Based on the film I learned that cooking was a huge mechanism for humans to advance. It increased energy given by the food and reduced energy required to digest the food. This increase in energy provided an avenue for the species to evolve over generations into a more fit organism. Cooking also has an effect on culture. It is clear that food is not just associated with a biological necessity, but sometimes a social event. We are the only organism that cooks our food. Food can be a source of sadness, happiness, etc. It’s not just an energy source, but a component of emotion, memories, etc. I don’t think other organisms correlate those things to food, and if they do it is not as strong as ours.

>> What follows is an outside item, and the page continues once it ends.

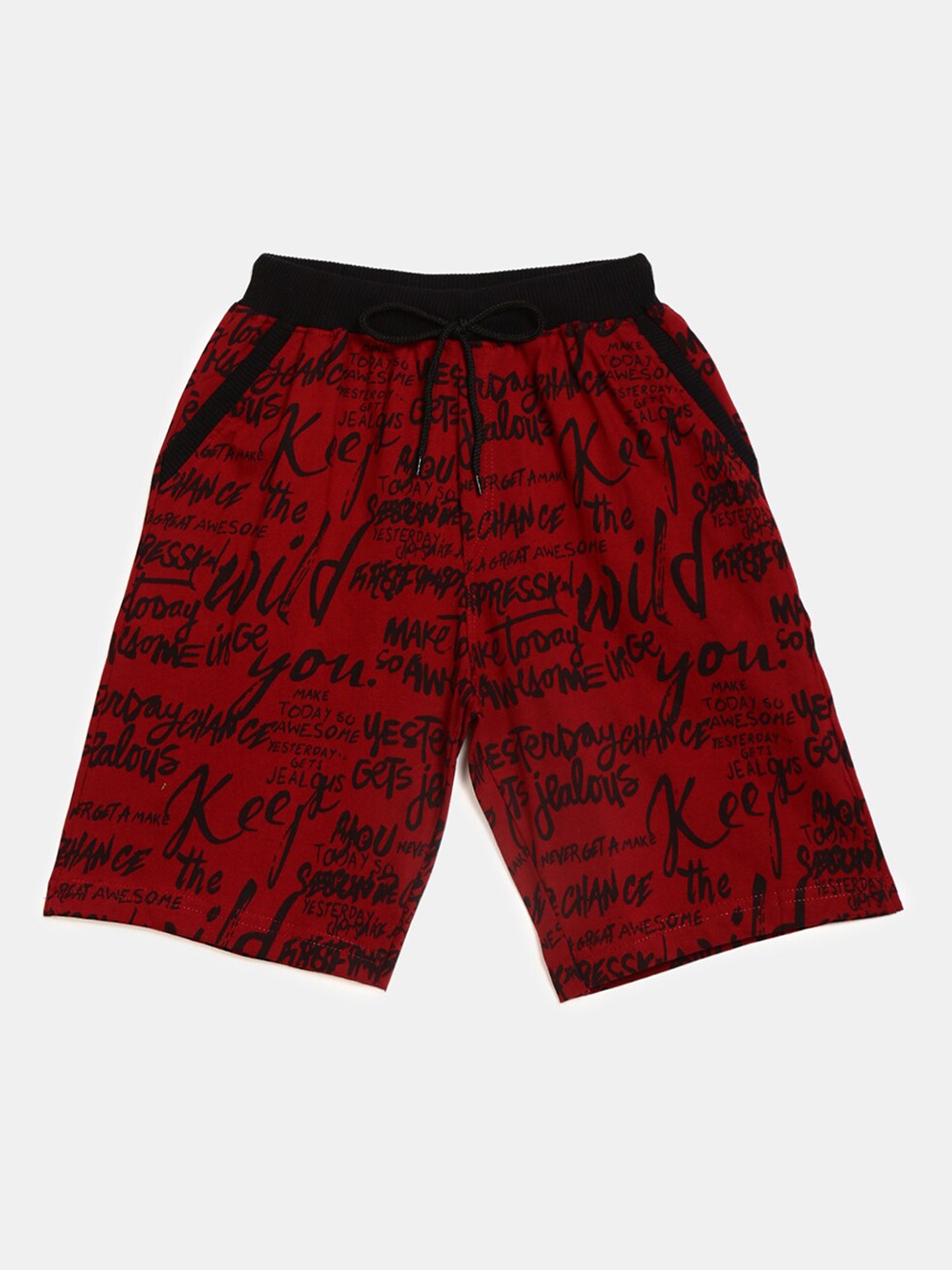 

V-Mart Boys Maroon Typography Printed Shorts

The Goody reading showed how foods were made more readily available for people from other regions. Some of these techniques for doing so were freezing, excessive salting or pickling, new transportation machines and routes, and retailing. In the article it showed that traditional cooking (open flame) was not required to make new foods. Worcestershire sauce was made through chemical implications. Later on, it wasn’t just about meat and preserving. The sauce also required a fermentation process to taste edible to its makers. Fermenting whine has been around for a very long time, but fermented sauces seem to be at an introductory stage during the time period in the reading. It also introduces today’s concept of how we get our food. We don’t really get foods much on street corners any more, but we do purchase most of our food from stores and restaurants. From this reading, the way we get food has changed significantly from the techniques discussed in the film.

The Yasmeen reading discussed how restaurants, servants, and grocery stores are primary ways the citizens of Thailand get their food. Cooking is still a central part of meal time. It just isn’t prepared by the people eating it very often. This isn’t that different from us and our culture. Working people often get food from grocery stores due to lack of time to cook it themselves, but yet they still eat with their families. The social aspect of food is still there, but they just aren’t cooking it. Functionality is also a central part of food in today’s world. Cooking isn’t as primary to the average person as it used to be. Everyone always has somewhere to go or be so you grab food that is already prepared for you. It seems that Thailand is adopting a lot of the “got-to-go” urgency of our culture. The coffee cart ad is an example of that. They never had coffee carts, but the ad indicates so. I guess to bring a trendier feel to it. The relationship to food seems to be the same, they just aren’t making it. Access is also another significant change with the article in our relationship to food. Food is much cheaper (depending on the kind of food), and portion sizes are significantly bigger. Food isn’t as scarce as it used to be. In the film it is celebrated when the tribesmen catch a porcupine. We don’t really celebrate when someone brings home a pizza.
So in conclusion, cooking helped our ancestors to evolve due to the energy component in the cooked food and digestion. New techniques in food transportation and preservation aided in food availability, access, and introduced new foods to other regions. In today's world we are connected to our food, just not the way it is made. For some (where food is not easily accessible) it is celebrated when they do have something to cook. For others, when we do cook it is a celebrated event.
 

3 comments:

  1. Interesting point about the porcupine. How do you think class in the US might affect the ways we take for granted/celebrate bringing home food (of any sort or particular specialities)?

    ReplyDelete
  2. The higher class would clearly take food for granted much more than a lower class person who doesn't have much. This is because the lower class person has more (money/work) invested in the food most likely. The food in question may be a treat or something they don't get to have often so it's more celebrated. The higher classes take food for granted because they often don't prepare it and money isn't really an issue.

    ReplyDelete
  3. That's a good point that higher classes are less likely to be involved in daily food prep--even further removed from where their food comes from.